Secondo le linee guida FDA/EPA i pesci si dividono in tre categorie:
- Scelte migliori (basso contenuto di mercurio, fino a 2-3 porzioni a settimana): salmone, sardine, sgombro dell’Atlantico, trota iridea, acciughe, aringhe. Questi sono pesci ricchi di omega-3 e sicuri dal punto di vista della contaminazione da metalli, se NON ALLEVATI.
- Scelte buone (contenuto moderato, massimo 1 porzione a settimana): merluzzo, orata, platessa, dentice. Essendo carnivori tendono ad accumulare dall’assunzione di pesci più piccoli.
- Da evitare (alto contenuto di mercurio): pesce spada, squalo, marlin, pesce specchio, tonno sia fresco, sia conservato.
I metalli pesanti sono pericolosi perché non vengono eliminati facilmente dall’organismo: si accumulano nei tessuti, in particolare nel cervello, nel grasso e nel fegato, e possono interferire con lo sviluppo del sistema nervoso del bambino, compromettendo memoria, attenzione e capacità di apprendimento. Per questo motivo è importante scegliere specie ittiche sicure e variarle nella dieta, così da unire i benefici del pesce riducendo al minimo i rischi legati agli inquinanti ambientali e all’accumulo dei metalli.
N.B.: la cottura non riduce il mercurio, lavare o sgocciolare non cambia la quantità di mercurio ingerito dal pesce.
Alimenti da evitare o limitare
- Pesce ad alto contenuto di mercurio;
- Dolcificanti artificiali e cibi ultra‑processati: eccessi di zucchero e sale in alimenti processati, industriali e conservati possono avere effetti negativi sulla composizione del latte e di conseguenza sullo sviluppo metabolico del bebè e sul bilancio energetico materno;
- Caffeina: consumare con moderazione (massimo 2 tazze di caffè) per evitare irritabilità o disturbi del sonno della mamma e del neonato;
- Alcol: è vietato in gravidanza e nell’allattamento. Durante l’allattamento non esiste una quantità di alcol ritenuta sicura: l’alcol passa nel latte materno e può influire sul sonno, lo sviluppo e la crescita del lattante. In caso di consumo occasionale (meglio evitare superalcolici e cocktail), è importante attendere diverse ore prima della poppata, perché il tempo necessario a smaltire l’alcol dipende da vari fattori individuali (peso, metabolismo, quantità assunta, ecc.)

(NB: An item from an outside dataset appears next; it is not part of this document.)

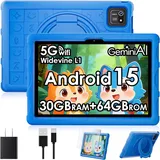 Kinder Tablet 10 Zoll Android 15 Mit 30GB RAM + 64GB ROM(2TB), 5G WLAN 6, Widevi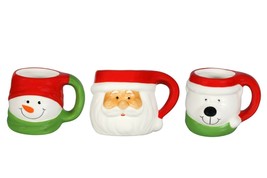 Set of (3) 10 oz Christmas Holiday Mugs- Santa, Polar Bear, Snowman - £18.18 GBP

- Attenzione ai cibi crudi a rischio: evitare sushi di pesce crudo non sicuro, carni crude o poco cotte, per ridurre il rischio di listeria o toxoplasmosi (questo deriva da linee guida generali gravide/allattamento, non da uno studio ad hoc).

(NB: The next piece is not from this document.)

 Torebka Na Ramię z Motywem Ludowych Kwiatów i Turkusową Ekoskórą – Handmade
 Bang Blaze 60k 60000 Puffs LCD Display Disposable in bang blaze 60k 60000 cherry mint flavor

In generale le restrizioni alimentari sistematiche non sono necessarie, a meno che il bambino non manifesti reazioni avverse e la mamma non soffra di allergie.
Calorie in più da considerare
Secondo diversi studi l’allattamento richiede un dispendio energetico giornaliero che mediamente varia da 450 a 500 kcal oltre il metabolismo basale della mamma, per sostenere la produzione di latte. In assenza di dati precisi in letteratura recente, questa raccomandazione è basata su linee guida nutrizionali standard. Una dieta (mediterranea) varia e ricca di tutti i macro e micronutrienti facilita il rispetto di questo bilancio.

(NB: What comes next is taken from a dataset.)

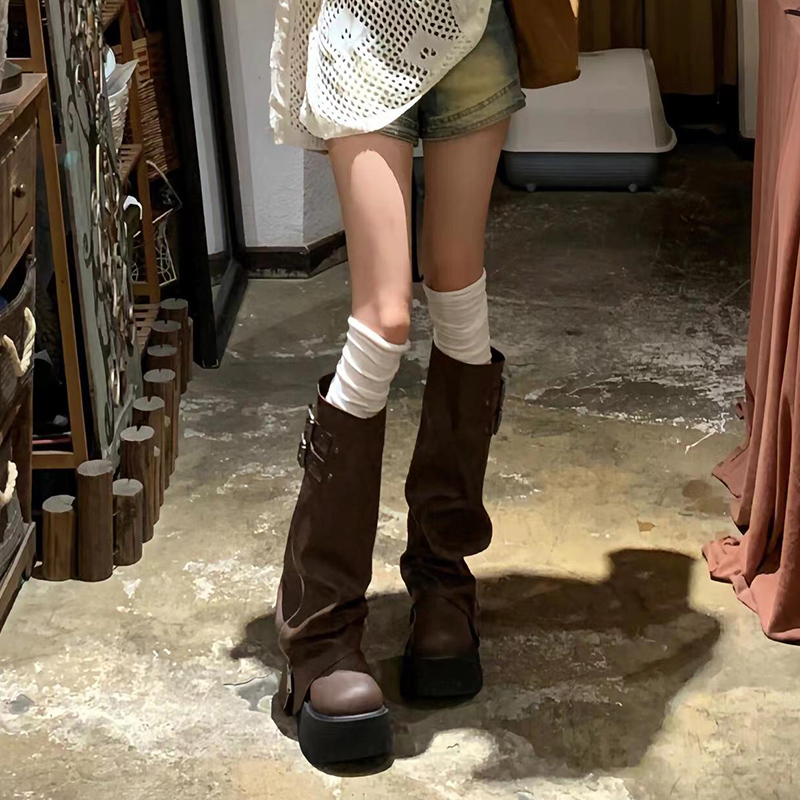 不过膝美拉德风棕色骑士靴子女款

Per questo è fondamentale affidarsi a un professionista qualificato (biologo o medico nutrizionista) che possa costruire un piano alimentare su misura, equilibrato e sicuro. Un supporto specialistico ancora più importante in caso di diete vegetariane, vegane o in presenza di allergie e intolleranze, dove il rischio di carenze è maggiore.
Un percorso guidato permette di garantire alla mamma energia e benessere e al bambino tutti i nutrienti indispensabili per crescere al meglio.
Metodi di cottura da preferire
Per conservare nutrienti e ridurre l’uso di grassi nocivi:
- Prediligere cotture al vapore, al forno, al cartoccio o alla piastra con poco olio extravergine d’oliva;
- Limitare fritture e cotture ad alte temperature che possono degradare nutrienti e formare composti indesiderati.
Questi consigli sono frutto di conoscenze generali in nutrizione e non derivano da uno studio specifico sull’allattamento, ma sono coerenti con principi nutrizionali accettati.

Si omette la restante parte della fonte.